July 25 – Talk in an Elevator Day

Posted on July 25, 2014

Notice how blank and expressionless
everyone's face is...
Have you ever noticed that many times people ride up elevators together pretty much silently, each person facing forward and not really looking at one another?

Of course, this is not a hard-and-fast rule. Many times people are riding in elevators with people they know, and they enter the elevator talking to one another, and they keep talking all the way up or down. 

Actually, sometimes I wish that people in elevators were a little MORE silent!

Also, most people murmur quiet polite phrases such as “Good morning,” “Excuse me,” “Floor 3, please,” and “Thank you.”

This is NOT how people ride in elevators.
This looks posed....and WEIRD!
But most of the time, a group of strangers will ride together without looking at or speaking to one another. And even when we are riding with a friend plus strangers, we tend to talk only quietly to our friend or stop talking for the duration of the ride.

The study of “proxemics” tells us about the unwritten rules of society, including how close people get to one another and body-language cues.

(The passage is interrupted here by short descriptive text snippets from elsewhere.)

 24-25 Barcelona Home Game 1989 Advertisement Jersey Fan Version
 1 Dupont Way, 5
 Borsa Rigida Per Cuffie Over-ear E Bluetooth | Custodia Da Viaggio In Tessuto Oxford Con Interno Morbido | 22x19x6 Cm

Normally, strangers in public keep ten or more feet away from one another, when possible. However, on crowded city streets or enclosed spaces such as elevators, that obviously is not possible.

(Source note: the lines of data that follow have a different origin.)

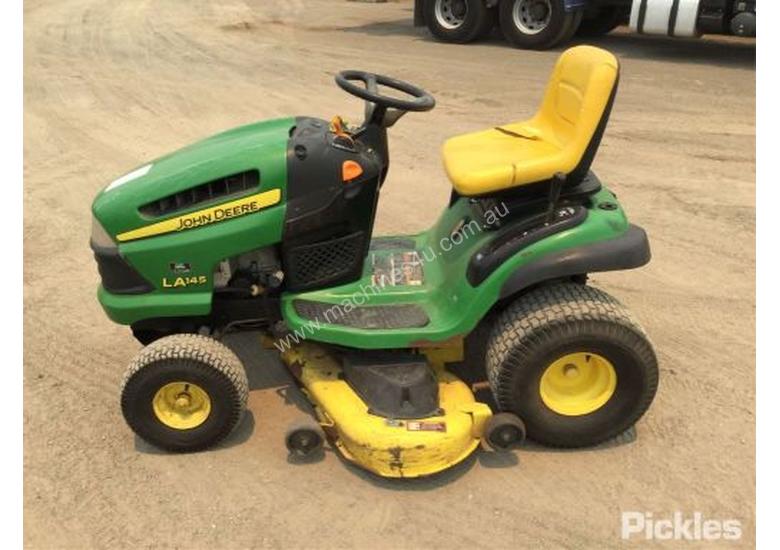 Used John Deere LA145 Ride On Mowers in Milperra, NSW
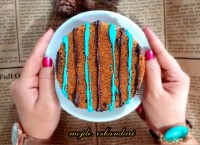 کیک بیسکوئیت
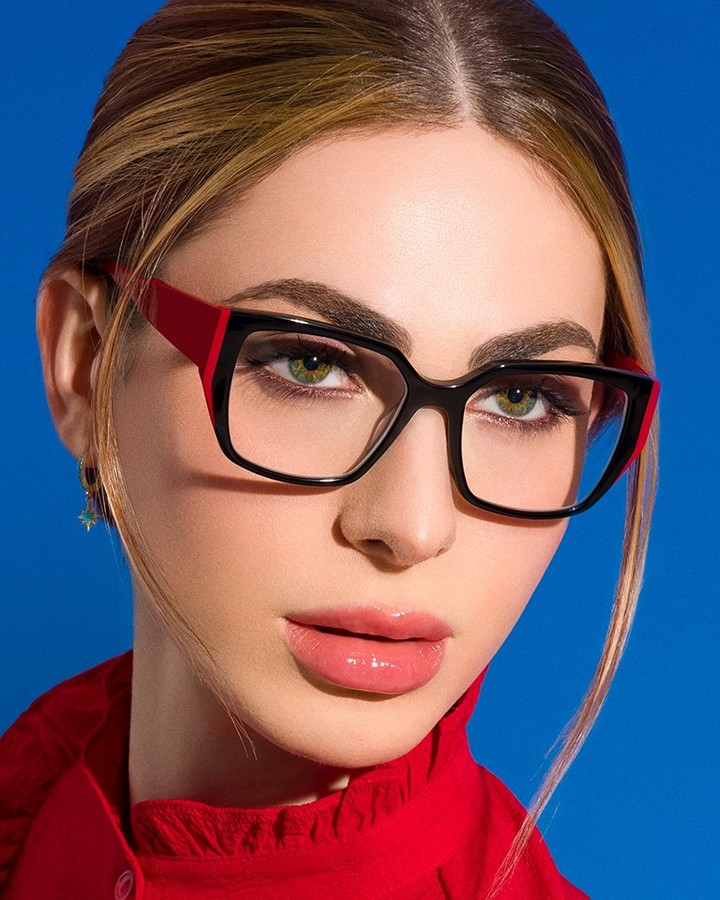 Bold. Architectural. Instantly recognisable.
This Caron Eyewear piece pairs a sculptural mono-block design with precision red and black colour-blocking for maximum impact.
Crafted in Mazzucchelli acetate, this frame delivers exceptional quality, a modern graphic silhouette, and a head-turning presence.
Perfect for independents wanting fresh, contemporary pieces that truly stand out.
#caroneyewear #StandOut #opticians #independentopticians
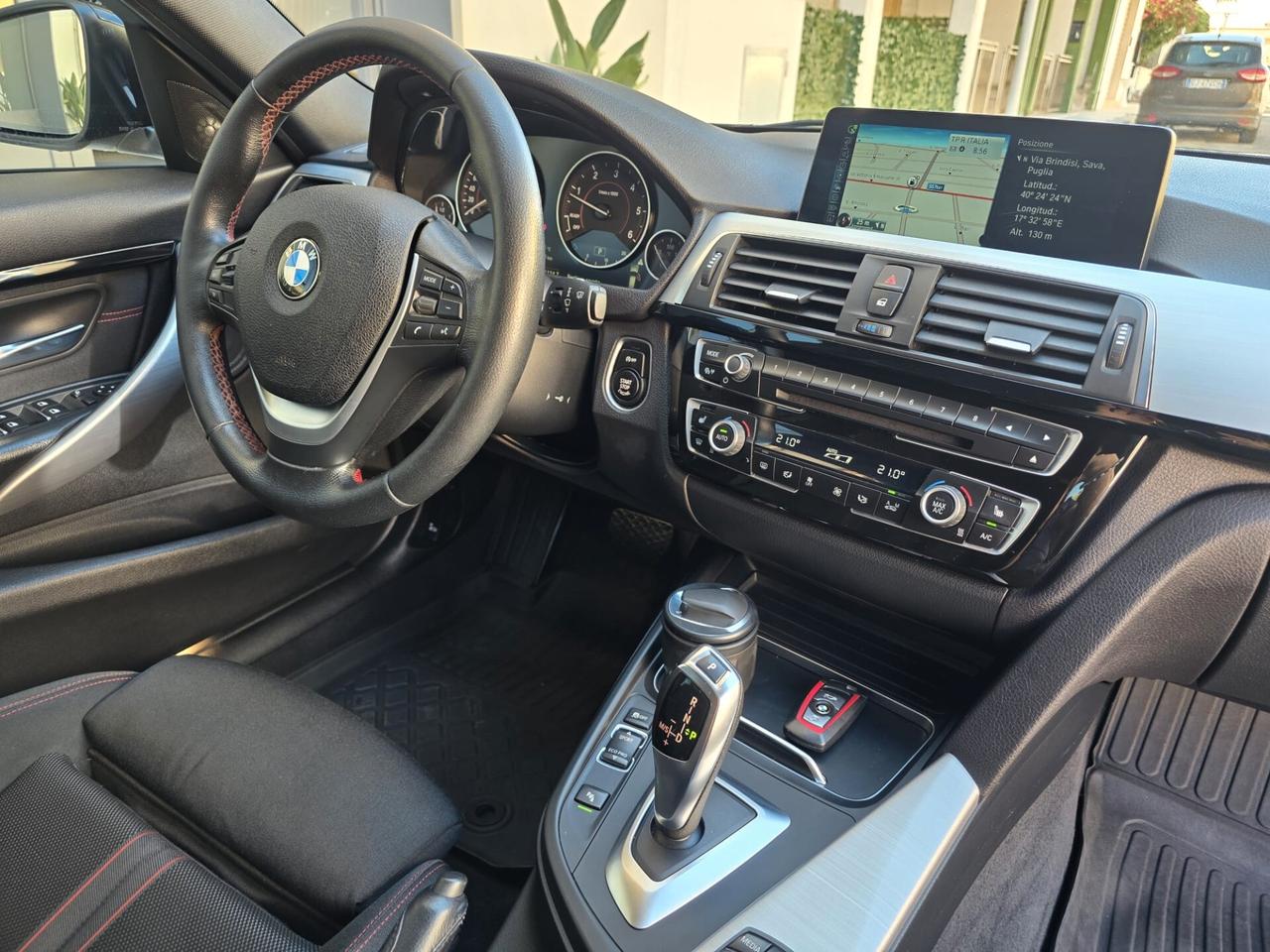 Bmw 318 d 150 Cv Touring Sport+Fari Led+Navy....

In an elevator with only a few people, each person tends to stand in his or her own corner, with as much space between them as possible. But when an elevator fills up, people jostle and adjust their positions to maintain maximum space between them.

Ways of coping with too-small of personal space include reducing or eliminating hand and arm movements, lowering voice or not talking, and decreasing eye contact.

Apparently, men tend to not look at others in a crowded elevator at all, but women tend to quickly check out who they are sharing the elevator with—just a quick glance around, usually accompanied by a smile.

Today we are urged to break the unspoken rule about not speaking – and to make polite, light small talk on an elevator. Compliment a stranger, chat about the weather, ask for directions, etc. Does it take courage for you to do this? What do other passengers do when you talk –- do they join in? Look away? Shift uncomfortably?

By the way, if there is a baby or small child – or maybe even a dog – in the elevator, complimenting him, her, or it is probably the easiest way to start a conversation. My husband often tells parents, “You have a beautiful family,” and people warm right up to him.